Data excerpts

=-=-=

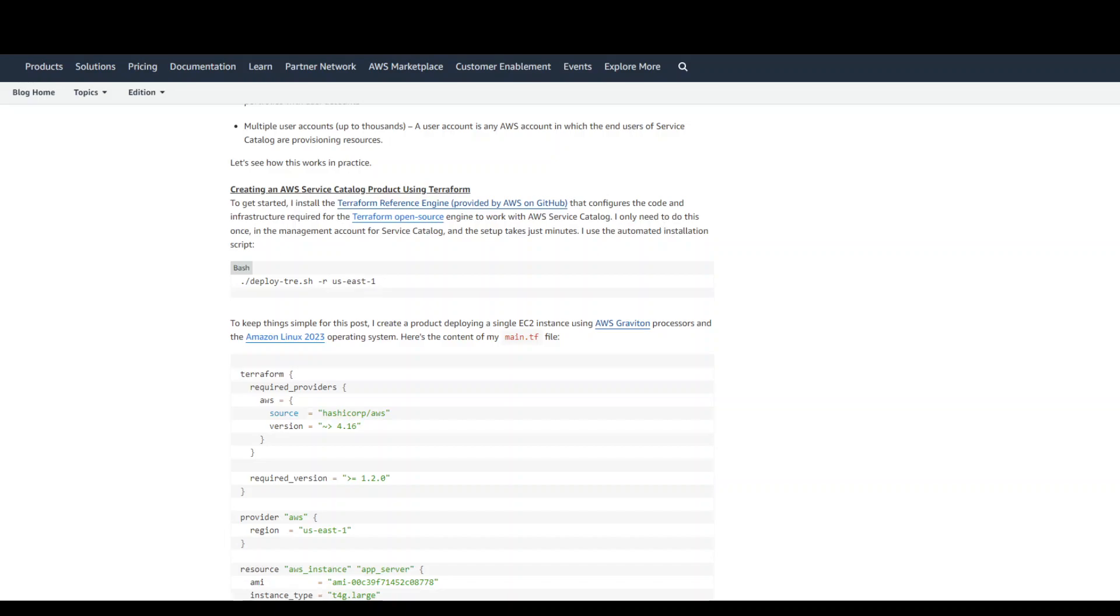With AWS Service Catalog, you can create, govern, and manage a catalog of infrastructure as code templates that are approved for use on AWS.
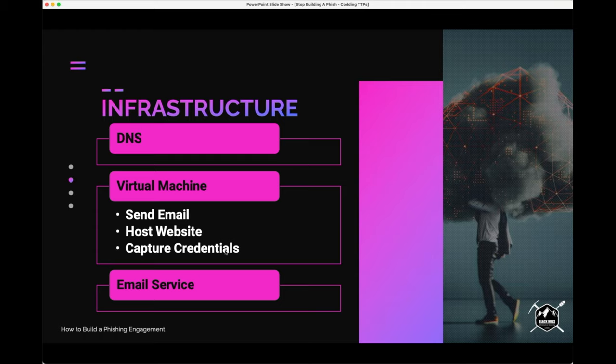Let's talk about infrastructure. There are a couple of things we need here. First, we need DNS — we'll have to make a domain name to run our phishing engagement. Next, we're going to need some kind of virtual machine to send emails and host our website, hopefully capturing some credentials. Last, we're going to need an email service to send our emails. Typically we'll get a third-party service — there are tons of services out there.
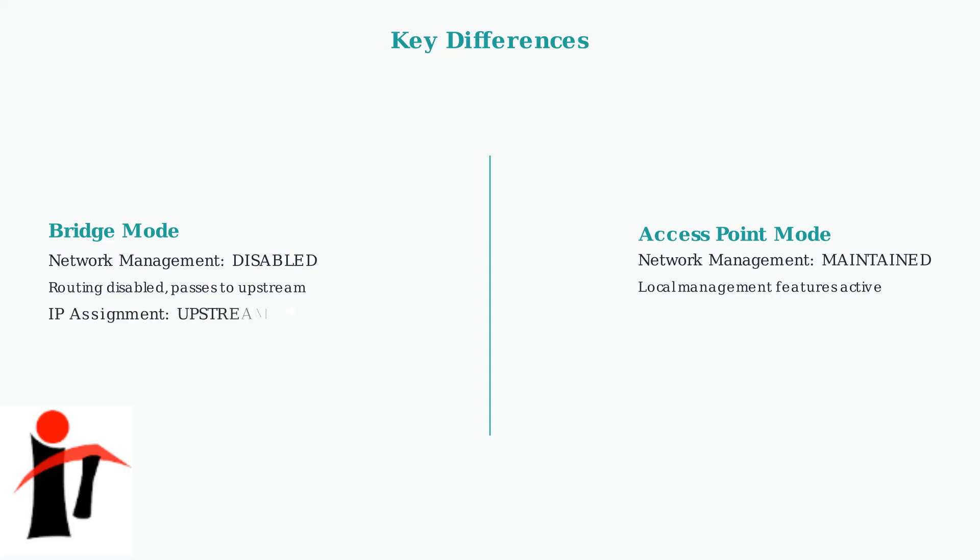For IP assignment, bridge mode relies entirely on the upstream device. Your main router or ISP equipment handles all IP address distribution across the network.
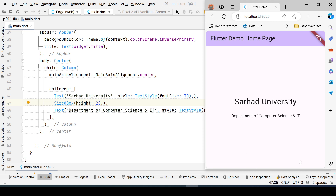In this tutorial we learned four widgets. First, the Center widget, which places content in the center. Second, the Column widget, which holds multiple components as children — here we have three: a Text, a SizedBox, and another Text. We also learned the SizedBox widget and how to style Text using TextStyle to change font size. This is our first app demonstrating these basic widgets.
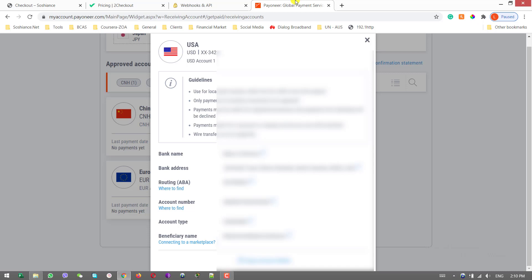And here you can create a virtual bank account in different countries and different currencies. For example, this is my bank account in USA, and you will get the bank name, the bank address, the routing number, account number, and account type, and all the details that you need. In the next video I will show you how to get approval for your website from 2Checkout.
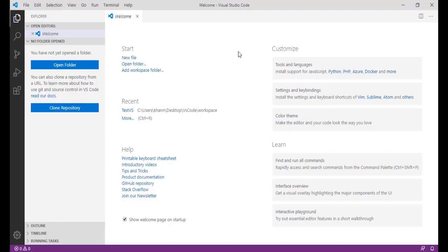Hello guys, welcome back. In this tutorial we will set up our first project and authorize our developer org so that we will be able to push code to the Salesforce org and also retrieve code from it. We will also go ahead and create an Apex class.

=-=-=

What you have to do
Reproduce the entries above exactly, though not their pictures.

Answer for the task
With AWS Service Catalog, you can create, govern, and manage a catalog of infrastructure as code templates that are approved for use on AWS.
Let's talk about infrastructure. There are a couple of things we need here. First, we need DNS — we'll have to make a domain name to run our phishing engagement. Next, we're going to need some kind of virtual machine to send emails and host our website, hopefully capturing some credentials. Last, we're going to need an email service to send our emails. Typically we'll get a third-party service — there are tons of services out there.
For IP assignment, bridge mode relies entirely on the upstream device. Your main router or ISP equipment handles all IP address distribution across the network.
In this tutorial we learned four widgets. First, the Center widget, which places content in the center. Second, the Column widget, which holds multiple components as children — here we have three: a Text, a SizedBox, and another Text. We also learned the SizedBox widget and how to style Text using TextStyle to change font size. This is our first app demonstrating these basic widgets.
And here you can create a virtual bank account in different countries and different currencies. For example, this is my bank account in USA, and you will get the bank name, the bank address, the routing number, account number, and account type, and all the details that you need. In the next video I will show you how to get approval for your website from 2Checkout.
Hello guys, welcome back. In this tutorial we will set up our first project and authorize our developer org so that we will be able to push code to the Salesforce org and also retrieve code from it. We will also go ahead and create an Apex class.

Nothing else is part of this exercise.